On the Relationship Between Cheese and Risk
In cybersecurity, there is a lot of talk of “defense in depth”, but sometimes it is unclear what people mean… or why you should care.
This post answers questions about the concept of “defense in depth”, with unexpected help from a famous cheese family.
What is defense in depth?
Like many concepts in cybersecurity, defense in depth is an extrapolation of a military strategy.
Defense in depth is a defensive strategy where terrain is given up to an attacker to prevent casualties and delay the attack. The delay ultimately enables the attacked party to mount a counterattack.
To better understand the metaphor from the physical world, we need to talk a bit more about the tactics.
Defense in Depth (DiD) Tactics
To implement defense in depth, especially if facing off against cavalry units, multiple levels of redundant defenses must be set up. As one line of defense is breached, it falls back to a second line. When the second line falls, you fall back to a 3rd, and so on. If we rely on a single line of defense, it becomes vulnerable to exploitation (another military term used in the cyber realm). When exploited by fast moving units, the breach in the line of defense can lead to an attack from behind or a cut in the supply lines. The unit must rely on redundant defenses to avoid catastrophic failure. It is this concept that inspired what cybersecurity calls “defense in depth”.

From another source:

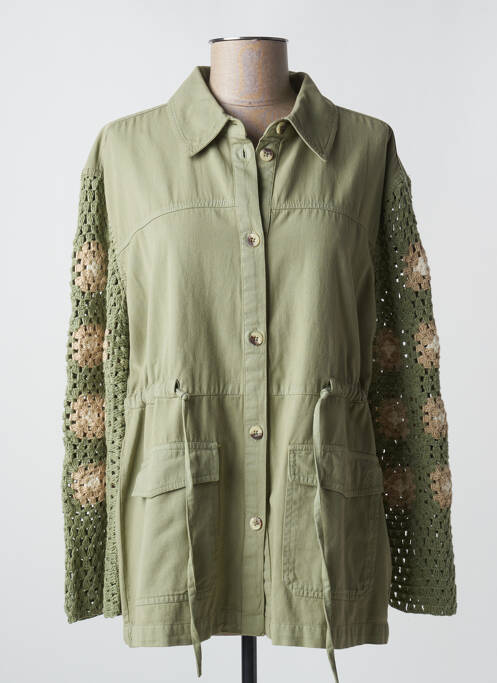 Veste casual poches vert CREAM femme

Unfortunately, the term defense in depth may mean something different depending on the vendor you are talking to.
A network segregation equipment (firewall) vendor will talk about defense in depth in terms of setting up multiple perimeters. If one perimeter is breached, it will not compromise the entire network.
To another vendor, defense in depth will mean setting up multiple countermeasures to address the same risk, like having an AV solution and an EDR tool on the same machine.
Cybersecurity and Diminishing Returns
In the previous post in this risk management series, we looked at how risk is reduced by applying countermeasures. Investment in countermeasures includes a steep return curve, where protection against residual risk generates diminishing returns.
So, why do we need a “belt and suspenders” strategy?
That’s where the cheese comes in.
Accident Causation
Industrial risk management explains incidents as a series of aligned failures using the Swiss cheese model of accident causation.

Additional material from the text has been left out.